Canada’s highest court has affirmed a legal right for a secular organization to deny entry to a Christian institution on the basis of its moral requirements.

The Supreme Court of Canada, in a pair of 7-2 rulings, found Friday that the law societies of British Columbia and Ontario can refuse accreditation to Trinity Western University’s proposed law school because of its so-called community covenant.

As a Christian institution, Trinity Western requires students and faculty to abide by biblical boundaries on sexual behavior.

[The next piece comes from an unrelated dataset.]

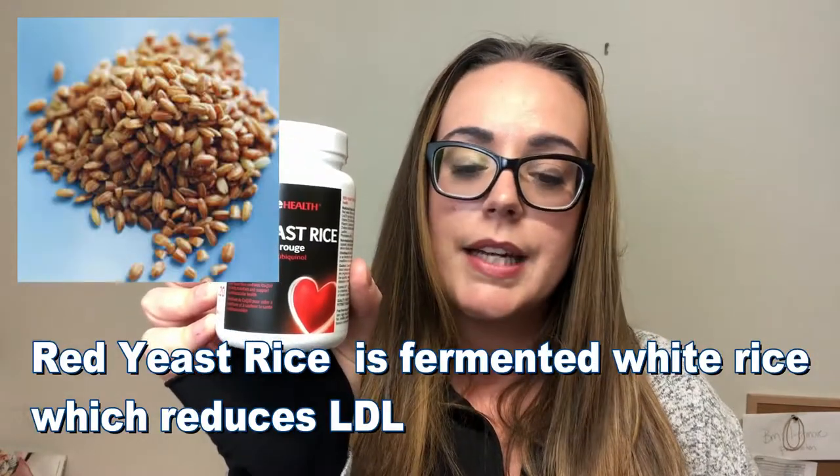If you're looking to increase your HDL but also need to reduce LDL, you might consider red yeast rice. Innovate Health makes this product — red yeast rice is a fermented white rice that has been shown in studies to reduce LDL and have a positive effect on HDL as well. This is also a formula that includes vitamin C, CoQ10, and choline lecithin — all important for supporting cardiovascular health and cholesterol levels.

The covenant also requires students to abstain from, among other things, obscene language, harassment, lying, stealing, pornography and drunkenness.

Gerald Chipeur of the Canadian firm Miller Thompson LLP, which represented the university, said Canada’s high court “has abandoned the promise of freedom that led to the creation of the Canadian Charter of Rights and Freedoms 36 years ago.”

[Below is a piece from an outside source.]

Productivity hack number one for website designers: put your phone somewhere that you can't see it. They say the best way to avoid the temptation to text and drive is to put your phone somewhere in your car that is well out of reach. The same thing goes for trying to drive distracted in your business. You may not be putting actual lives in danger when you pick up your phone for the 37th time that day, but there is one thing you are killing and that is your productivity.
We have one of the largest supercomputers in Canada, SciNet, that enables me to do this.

“Individuals will need to turn to their legislators to protect freedom of religion,” said Chipeur, who is one of thousands of lawyers allied with Alliance Defending Freedom International.

 

The British Columbia and Ontario law societies claimed the covenant was discriminatory, particularly against gay and lesbian students, and refused to accredit the school. The law societies of Alberta, Saskatchewan, Prince Edward Island, New Brunswick, the Yukon and Nova Scotia agreed to recognize the school’s graduates.

ADF International said the Supreme Court “dealt a major blow to religious freedom and freedom of association.”

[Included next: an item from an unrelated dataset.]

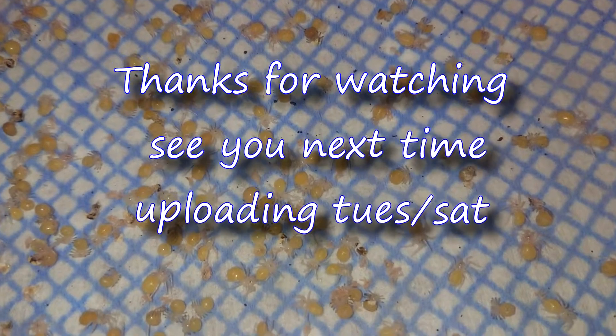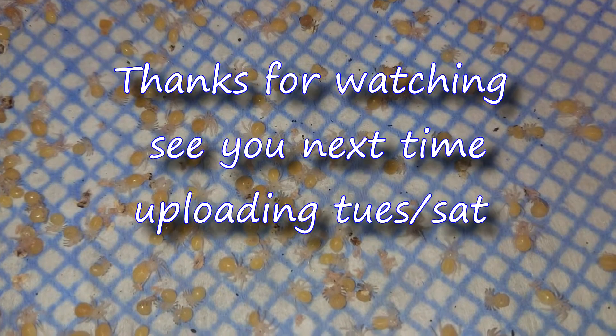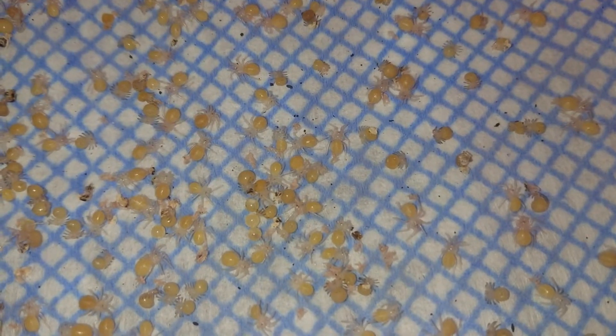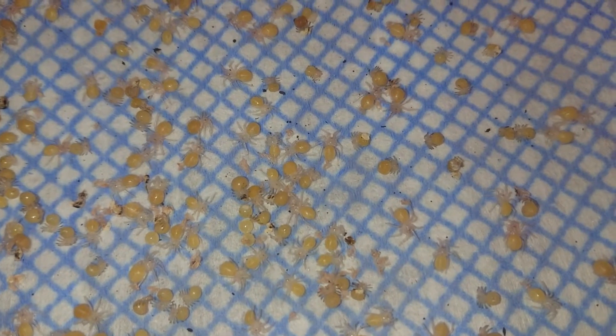All right then guys, it's been emotional. Take it easy and I'll speak to you in my next video. Don't forget to like, share and subscribe to the channel. I'll see you next time, all the best.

Paul Coleman, the organization’s executive director, contended religious universities and schools “should be free to operate according to the faith they teach and to which they adhere.”

“We are deeply disappointed with the Supreme Court’s decision,” he said. “Freedom of religion and association is not only essential for faith-based organizations, but for the functioning of democracy itself. Following this ruling, that vital freedom is now in jeopardy.”

In the minority on the court were Justices Russell Brown and Suzanne Côté, who argued the university can’t be excluded on the basis of practices that are protected by law.

“Legislatively accommodated and Charter-protected religious practices, once exercised, cannot be cited by a state-actor as a reason justifying the exclusion of a religious community from public recognition,” they wrote.

They argued that approval of Trinity Western’s proposed law school “would not represent a state preference for evangelical Christianity, but rather a recognition of the state’s duty – which [the Law Society of British Columbia] failed to observe – to accommodate diverse religious beliefs without scrutinizing their content.”

 

Lower courts, including the British Columbia Court of Appeal, ruled in favor of Trinity Western.

The B.C. court said the case shows how “a well-intentioned majority acting in the name of tolerance and liberalism, can, if unchecked, impose its views on the minority in a manner that is in itself intolerant and illiberal.”